The return to refugee camps order came after it emerged that over 600 people who were arrested in Nairobi last week were refugees from Dadaab refugee complex.

Nairobi Provincial Commissioner Njoroge Ndirangu said intelligence information has revealed that some of the refugees are behind a number of terror-related incidents that have been reported in the city and other parts of the country.

"More than 600 people have been arrested some of whom have been arraigned in court.

"Quite a number of them have been convicted and ordered for repatriation because many have been found to be illegal foreigners.

"The operations are still ongoing until we flush out all criminals, not just in Eastleigh, but in all parts of the country," he said on Tuesday.

There have also been rising fears among communities living along the porous border with Somalia that the Islamist group fleeing from the imminent military assault on their last bastion town of Kismayo was likely to turn their frustration on the innocent civilians in a series of revenge attacks.

The former PM noted that there is need to develop the country’s infrastructure in order to provide a conducive environment for businesses to expand.

"Our youth are being lured to join militia groups such as Al- Shabaab, piracy groups or trek across the Sahara desert in search for greener pastures in Europe or other developed countries," he said.

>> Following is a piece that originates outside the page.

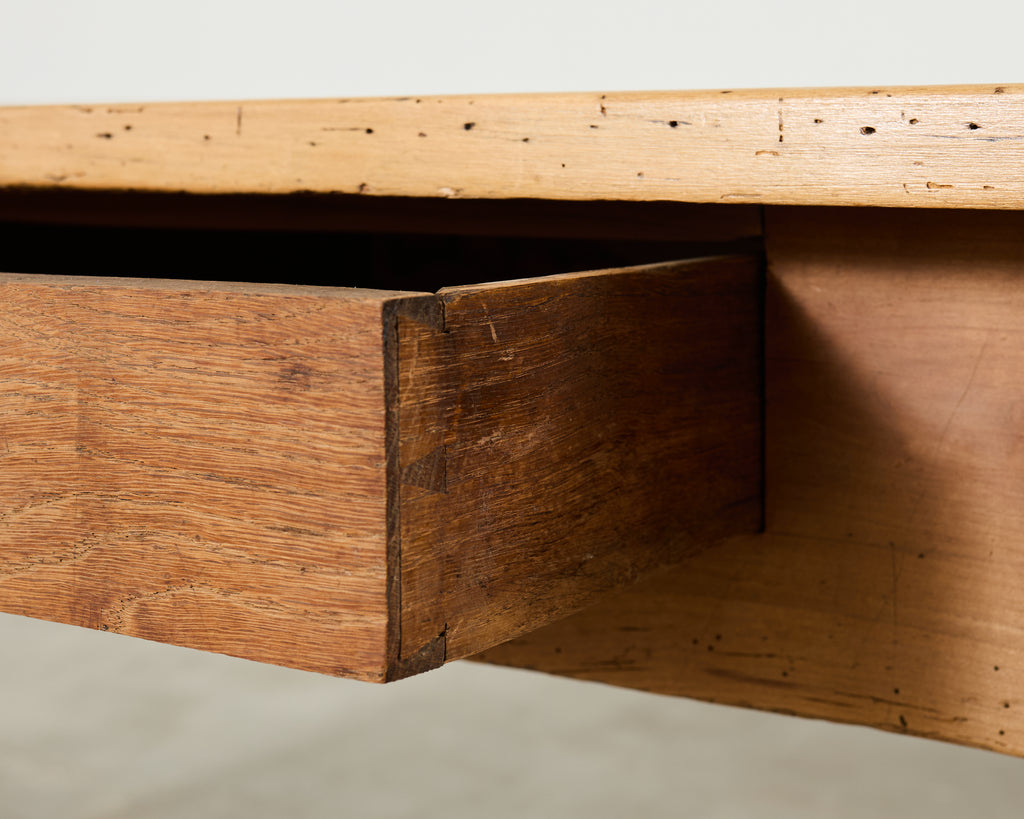 19th Century Country French Provincial Fruitwood Farmhouse Table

He added that the current administration is not a transitional government and so the international community expectations are high.

"It has four years to rebuild the country by moving the country away from fragmented and clan based politics in order to ensure the whole nation is united in one purpose," Ali said.

He added that even though the present government is the first democratically elected government in Somalia in over 20 years, it was elected by proxies.

"One of the chief mandates of the current administration is therefore to ensure the next elections are elected on the basis of one man, one vote," he said.

He added if Somalia’s application to join the East African Community (EAC) is approved, it will provide a great opportunity for the horn of Africa nation.

"Somalis’ have already shown their entrepreneurial prowess in the countries they have settled in and so the EAC will provide a bigger market to tap and take advantage off," he said.

Ali added that although Somalia was considered a failed State, it succeeded in many economic fields.

"It has one of the lowest mobile calling rates in the world and a well developed money transfer system," he said.

He noted that the international community has over the years, supported the Somalia militarily, financially and politically.

"However, it is important that the new Somalia government is given space to implement its policies as it is still in the embryonic stage of development," he said.

Ali, who is also an economist, added that he is currently in the process of establishing a private foundation to assist Somalia’s efforts in the areas of education, health and peace.

He called on the Somali government to strive to achieve accountability in order to be in a position to deliver its mandate.

Regarding Kenya-Somalia relations, he noted that both countries should develop a common strategy to defeat the Al-Shaabab terrorist organization.

"Once the militants are flushed out of Somalia they should not find a safe haven in Kenya as they have caused great damage in the region," he said.